EXERCISE DETAILS ▸ Of the lines below, write out exactly those from the line with "rabbitgoo Cat Harness" through the line with "ROTHY'S Bubble Slide", both included, and skip the rest.

SUPPLIED RECORDS ▸
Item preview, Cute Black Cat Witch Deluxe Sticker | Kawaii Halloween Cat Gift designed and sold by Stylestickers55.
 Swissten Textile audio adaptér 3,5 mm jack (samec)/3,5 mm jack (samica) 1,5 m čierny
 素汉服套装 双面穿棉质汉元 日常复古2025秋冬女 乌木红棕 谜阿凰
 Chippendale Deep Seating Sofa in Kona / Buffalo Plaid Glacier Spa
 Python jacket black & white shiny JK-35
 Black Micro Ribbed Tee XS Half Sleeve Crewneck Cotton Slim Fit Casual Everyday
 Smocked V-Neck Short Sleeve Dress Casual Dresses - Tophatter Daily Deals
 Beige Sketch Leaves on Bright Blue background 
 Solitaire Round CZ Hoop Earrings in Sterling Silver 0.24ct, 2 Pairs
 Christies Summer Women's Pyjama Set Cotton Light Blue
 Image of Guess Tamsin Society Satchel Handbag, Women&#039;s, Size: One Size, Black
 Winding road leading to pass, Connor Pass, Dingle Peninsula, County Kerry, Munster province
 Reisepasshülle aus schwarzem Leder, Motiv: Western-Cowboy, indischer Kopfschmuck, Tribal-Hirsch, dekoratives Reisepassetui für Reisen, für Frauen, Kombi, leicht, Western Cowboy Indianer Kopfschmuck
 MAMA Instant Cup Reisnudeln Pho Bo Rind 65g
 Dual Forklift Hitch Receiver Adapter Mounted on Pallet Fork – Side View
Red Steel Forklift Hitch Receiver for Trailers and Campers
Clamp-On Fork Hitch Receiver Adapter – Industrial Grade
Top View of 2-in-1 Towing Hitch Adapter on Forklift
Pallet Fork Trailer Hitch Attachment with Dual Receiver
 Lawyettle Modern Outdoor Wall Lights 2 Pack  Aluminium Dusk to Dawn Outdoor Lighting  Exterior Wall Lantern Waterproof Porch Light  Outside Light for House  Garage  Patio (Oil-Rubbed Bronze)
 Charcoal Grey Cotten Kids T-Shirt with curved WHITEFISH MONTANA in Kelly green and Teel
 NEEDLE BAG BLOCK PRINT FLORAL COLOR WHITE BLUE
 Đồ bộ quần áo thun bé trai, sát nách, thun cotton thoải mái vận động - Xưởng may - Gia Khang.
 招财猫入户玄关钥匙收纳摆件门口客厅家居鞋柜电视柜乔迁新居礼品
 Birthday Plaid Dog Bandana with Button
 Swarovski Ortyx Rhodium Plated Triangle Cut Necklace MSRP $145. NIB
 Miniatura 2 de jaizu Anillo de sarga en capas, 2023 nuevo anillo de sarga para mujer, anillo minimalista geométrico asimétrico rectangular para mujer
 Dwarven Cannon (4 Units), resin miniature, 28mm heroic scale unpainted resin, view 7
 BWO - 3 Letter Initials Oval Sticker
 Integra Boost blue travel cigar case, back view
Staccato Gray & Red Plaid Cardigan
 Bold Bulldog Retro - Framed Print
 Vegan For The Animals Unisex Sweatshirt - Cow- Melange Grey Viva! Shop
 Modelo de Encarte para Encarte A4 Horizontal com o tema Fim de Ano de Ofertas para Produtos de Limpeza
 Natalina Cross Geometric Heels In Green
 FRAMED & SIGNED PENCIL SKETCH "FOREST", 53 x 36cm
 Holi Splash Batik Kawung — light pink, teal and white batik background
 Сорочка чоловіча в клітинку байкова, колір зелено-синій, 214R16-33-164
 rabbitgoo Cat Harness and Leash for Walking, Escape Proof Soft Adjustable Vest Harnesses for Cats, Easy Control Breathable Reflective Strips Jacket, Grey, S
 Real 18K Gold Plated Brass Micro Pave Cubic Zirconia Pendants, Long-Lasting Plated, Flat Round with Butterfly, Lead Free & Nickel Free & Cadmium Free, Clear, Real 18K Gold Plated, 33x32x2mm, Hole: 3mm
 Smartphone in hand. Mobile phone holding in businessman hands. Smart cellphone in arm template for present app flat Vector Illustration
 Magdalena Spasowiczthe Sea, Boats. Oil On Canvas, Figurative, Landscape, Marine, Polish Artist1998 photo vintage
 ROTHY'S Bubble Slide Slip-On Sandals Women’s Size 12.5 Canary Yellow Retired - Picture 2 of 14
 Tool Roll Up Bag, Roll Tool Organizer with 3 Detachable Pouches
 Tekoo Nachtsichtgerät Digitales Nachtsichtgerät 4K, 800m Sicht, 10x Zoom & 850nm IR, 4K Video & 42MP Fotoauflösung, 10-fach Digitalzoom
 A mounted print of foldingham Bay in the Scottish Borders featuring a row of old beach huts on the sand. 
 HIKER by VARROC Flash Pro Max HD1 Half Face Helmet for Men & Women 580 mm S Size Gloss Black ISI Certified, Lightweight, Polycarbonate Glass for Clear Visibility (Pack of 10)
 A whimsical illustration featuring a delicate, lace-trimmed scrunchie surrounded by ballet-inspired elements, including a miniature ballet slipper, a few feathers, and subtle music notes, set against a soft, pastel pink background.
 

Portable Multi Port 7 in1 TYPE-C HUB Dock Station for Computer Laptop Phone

WORKED SOLUTION ▸
 rabbitgoo Cat Harness and Leash for Walking, Escape Proof Soft Adjustable Vest Harnesses for Cats, Easy Control Breathable Reflective Strips Jacket, Grey, S
 Real 18K Gold Plated Brass Micro Pave Cubic Zirconia Pendants, Long-Lasting Plated, Flat Round with Butterfly, Lead Free & Nickel Free & Cadmium Free, Clear, Real 18K Gold Plated, 33x32x2mm, Hole: 3mm
 Smartphone in hand. Mobile phone holding in businessman hands. Smart cellphone in arm template for present app flat Vector Illustration
 Magdalena Spasowiczthe Sea, Boats. Oil On Canvas, Figurative, Landscape, Marine, Polish Artist1998 photo vintage
 ROTHY'S Bubble Slide Slip-On Sandals Women’s Size 12.5 Canary Yellow Retired - Picture 2 of 14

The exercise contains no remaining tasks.